Both my daughter and wife have worked in UK pubs, and would get tips in this way. It is not common (at about £3.50 a drink), my wife might have got 1 or 2 a week, my daughter gets more but works lots in busier student pubs and is rather pretty.
In general, there is a book behind the bar for recording drinks purchased for staff, and there is a rule that the purchase is below a certain value (so no buying expensive bottled ciders, sadly, or doubles).
These drinks can be used when in the bar off shift, or taken home as bottled drinks (and thus, we end up with a whole lot of Corona breeding in the cellar when our daughter is home for the holidays). They can’t cash them out, as this upsets the audit.
As a general rule, if there’s a visible tip jar, I tip a little (like, ~ 5% value) every round, but if there isn’t, then the barman gets “one for yourself” every 4th round or so. I expect this to be cashed out/ticked off in a pub, but at the Goth clubs, I generally find the guy will drink with you
I would say it is extremely rare outside small village pubs or cases where you are actually chatting to the bartender. I have done it (/seen it done) in those cases, but no more than a few times in my life. I’ve certainly never tipped in any other way (unless the drinks are on a tab and they have been bringing them over to the table, which is a very different situation).
I used to work in a hotel and would sometimes have to cover the bar. People would occasionally offer, but again, only if we had been chatting specifically and usually only the regulars. It didn’t really seem like a way of tipping me TBH, more like… it’s just awkward to drink alone while chatting to someone, it’s better if they’re drinking too.
it happens a lot in my local, I maybe hear it three or four times a visit. But then we mostly all know each other and the bar staff. Never once heard it outside of that sort of scenario though.
I try to do it any time I’m in a pub for a few hours - an evening, say, for whichever bartender has served me the most. Especially if it’s a busy place.
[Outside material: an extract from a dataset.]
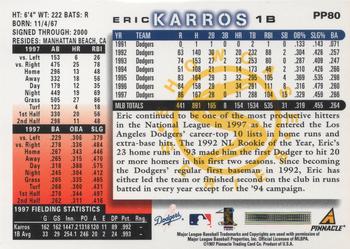 1998 Score - Showcase Series #PP80 Eric Karros Back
I had separate tabs open, one with this thread, and one with, “When did you know it was time to euthanize a pet?” I got them mixed up, so I thought I was looking at this thread about how the British tip their bartenders, and the first thing I read was this:
Good Lord, with that gloomy fate hanging over him, I’d buy the poor guy a drink.
1-2 a night on a weeknight, 2-5 on a regular night. I would not take every pint I admit, but I always had one for myself. I had a pretty high tolerance in those days, never had an issue (or at least never got bitched out for it).
This was in a small pub in Oxford, that did NOT have student traffic.
Again, as mentioned in the other thread, you seem to be willfully ignoring what people are saying, though I can’t imagine why you would! Every single one of the British/living in Britain people in that other thread told you that it would be something you might do in a pub where you were a regular/knew the staff, or possibly if you’d been troublesome to them (big/complicated round, unusual drink). Nobody is saying that every time you walk into any pub you offer the bar staff a drink in every round. The whole point was to tell the other thread’s OP that she wouldn’t be expected to tip bar staff, as she might be in the US. No, it’s not a frequent occurrence, but it is something she *may *hear, and *if *she gets friendly/chatty with the bar staff herself, it wouldn’t be out of place to include them in her round.
Sorry but for reasons I have outlined in a post in that other thread, this is just factually incorrect. These qualifications you now give simply were not present until I queried the position.